Our Story Begins
A Change of Season
It has been almost five years since my wife passed away. I make no allusions that this should be enough time or not enough time for things to soften, the painful edge of grief dulled enough so it doesn’t cut so deep.
I would claim that we have come a very, very long way, me and my four kids. From the time when I was trying to figure out why my daughter’s pants shrank to the size of toddler clothes to now, when I wash, fold, and crack the whip to put those same clothes away was not an easy road.
I bring this up because this is the time of year that is always a little melancholy in our home. Fall has always been, since I was a little kid, one of my favorite times. As a little kid I got to go trick-or-treating. When we raked leaves I got to jump in piles of them. When I got older the sun going down with the air going crisp and chilled I held the hand of that pretty girl and put my coat around her cold shoulders, trying not to shiver and seem like I was cold.

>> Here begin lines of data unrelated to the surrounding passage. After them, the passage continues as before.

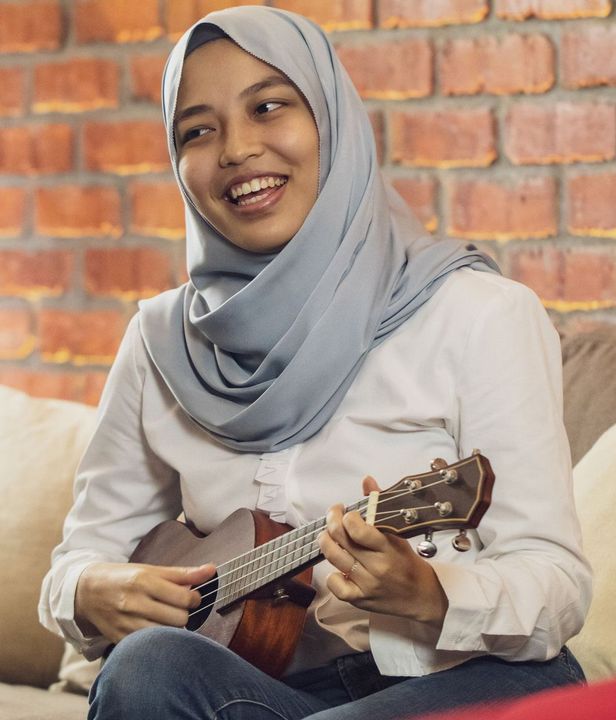 Woman playing ukulele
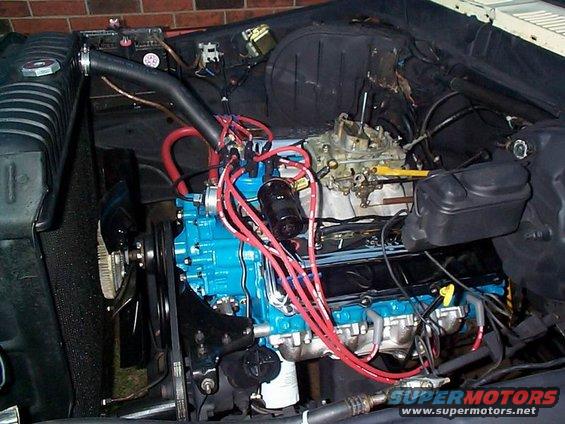 Engine bay with blue engine block and red spark plug wires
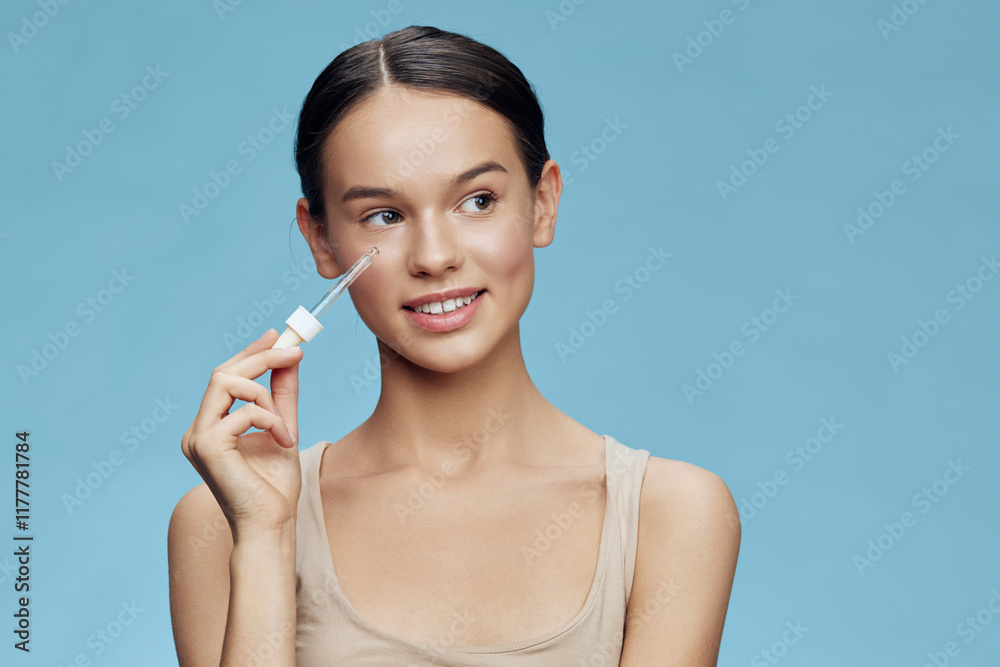 Young woman applying serum for skincare with a bright blue background, showcasing a healthy complexion and a joyful expression, representing beauty and self care Young woman applying serum for skincare with a bright blue background, showcasing a healthy complexion and a joyful expression, representing beauty and self care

When you lose someone, in those first days, every single memory is painful, at least it was for me. The change in temperature and the change in the season was another reminder that the bed was a little colder and emptier and that the house was a little less bright. These are the things you cannot see coming. The little memories that hit your brain like an electrical tidal wave and sparks synapses to attention. You remember things you’d forgotten.
That happened to me today. I was looking out and snapping that photo above of the sunset and then looked out and saw the red, yellow and brown leaves of fall. I remembered walking down the tree-lined street of our first home while leaves crunched under our feet and my wife put her head on my shoulder.

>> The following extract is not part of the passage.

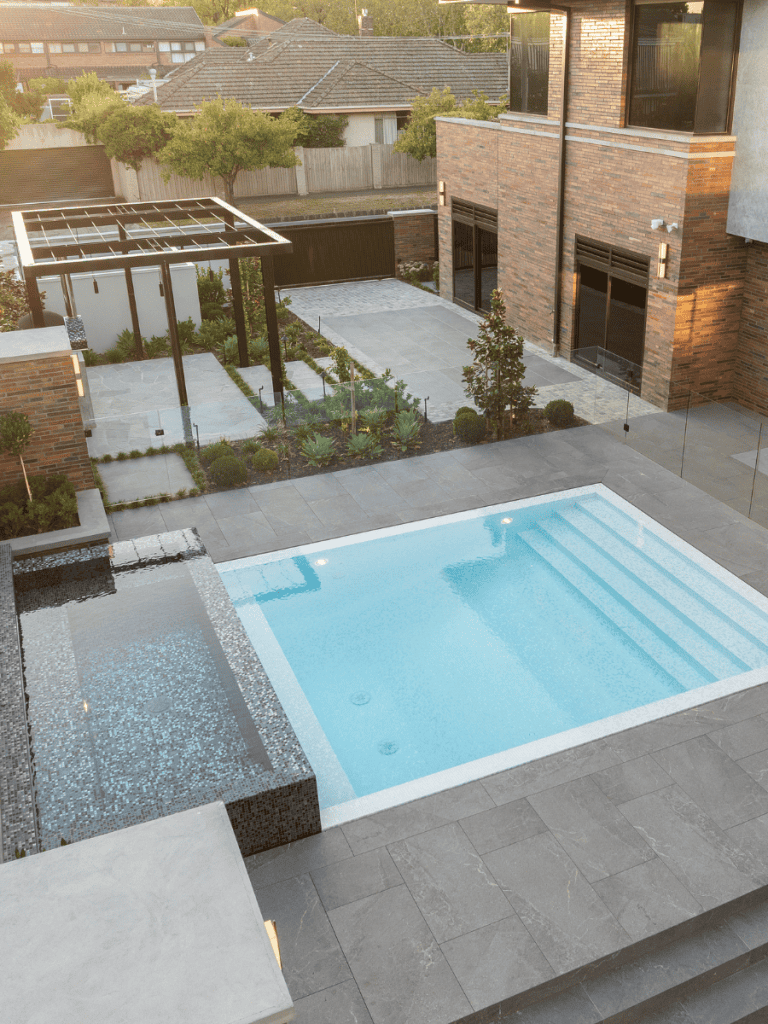 Modern backyard with in-ground swimming pool and landscaped garden.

Four years ago this moment would have left me in a mass of tears. A grenade of grief, tossed into my path, exploding and hitting my entire body with the memory-filled shrapnel of what was missing.
Today I remembered my wife and it made me smile…but it also did something else. My hand itched to have another hand in it. My body shivered slightly in the cold and I wanted someone to share that moment of warmth as you huddle and feel them move closer to you. It was a simultaneous tug of the past and pull of the future.
We’ve been through a lot in a short time, the four of us, but we hit what was “our” favorite time – ours and their mother’s – and it dawned on me watching the sun creep down the western sky that it was now our favorite time – mine and the kids. We all loved fall regardless of who was with us.
That’s the change that this season brought. Old memories . . . pushing us to make new ones.